What Data Can Do for Healthcare Design — And What It Can’t

How to Balance Intuition with Data: an Discussion with Metropolis Magazine

February 7, 2017

Digital Practice Leader, NBBJ



Editor’s Note: At NBBJ, we’re at the forefront of using research and technology to drive breakthroughs in healthcare, from streamlining the design process with virtual reality, to incorporating digital analytics in healthcare planning. At the same time, we know technology isn’t the only tool for solving healthcare challenges — after all, studies show the most effective care occurs when caregivers themselves are satisfied.
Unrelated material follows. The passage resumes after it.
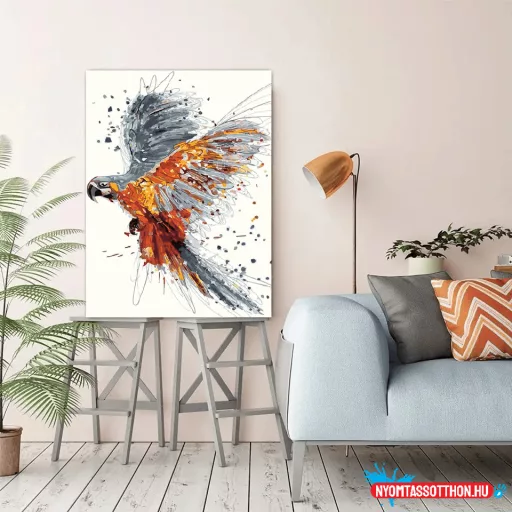 Számos kifestő, 40x50cm, keret nélkül - papagáj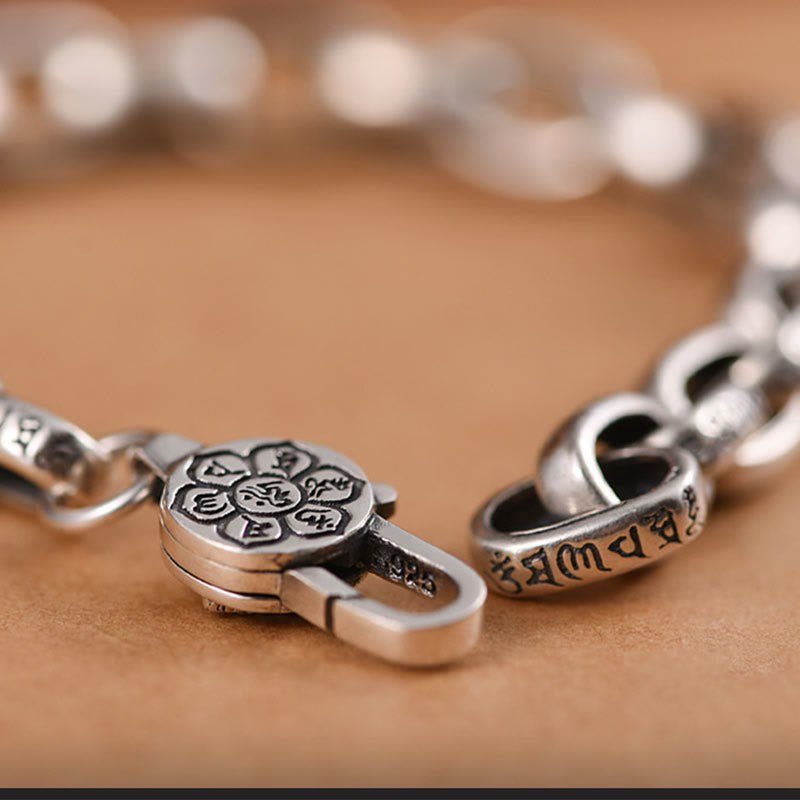 Buddha Stones925スターリングシルバー 六つの真実の言葉 知恵と静寂のブレスレット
This week, we’re highlighting some of the human factors that must be paired with data and technology in order to bring healthcare into the future. In a recent Metropolis Think Tank event, publisher and editor in chief Susan S. Szenasy discussed the use of data in design with Eric Socolofsky, design technologist with Stamen Design; Michael Kaiser, M.D., former healthcare strategy director of NBBJ; and Marc Syp, a creative technologist and design computation leader with NBBJ. An excerpt from their discussion follows; the complete transcript can be found at Metropolis.  
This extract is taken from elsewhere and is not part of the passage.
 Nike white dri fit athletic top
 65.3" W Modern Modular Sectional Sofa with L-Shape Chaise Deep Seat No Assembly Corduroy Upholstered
Susan S. Szenasy: Let’s talk a little about energy use in hospitals. How do you use data to address its overuse? And how do your decisions affect hospital design?

Marc Syp: We’re looking at those issues in hospital renovations as well as new buildings. One of the things that a lot of our tools have in common, in terms of generating analyses and data about our designs, is that they’re trying to push all those issues much further upstream in the conceptual design process. Visualization is super important. A client always has competing interests in terms of what they’re trying to solve. If we can get all of those things on the table at the beginning, they’re much more likely to be respected or to impact the decision making.

Michael Kaiser: From a client perspective, I think some of the problem lies in the failed model of having operating costs in one bucket and renovation costs in another. The more a firm like NBBJ can tie those two buckets together in a presentation, the more understanding the client might have that it’s necessary to pay more up-front in order to get the long-term operational savings, whether that be in energy or some other factors.


Susan S. Szenasy: There’s a third bucket that we don’t often talk about, and that’s staffing. This obsession with Return-on-Investment can be damaging to great humanistic design. How do you measure ROI while making sure the nurses are happy, healthy, and taking care of their patients?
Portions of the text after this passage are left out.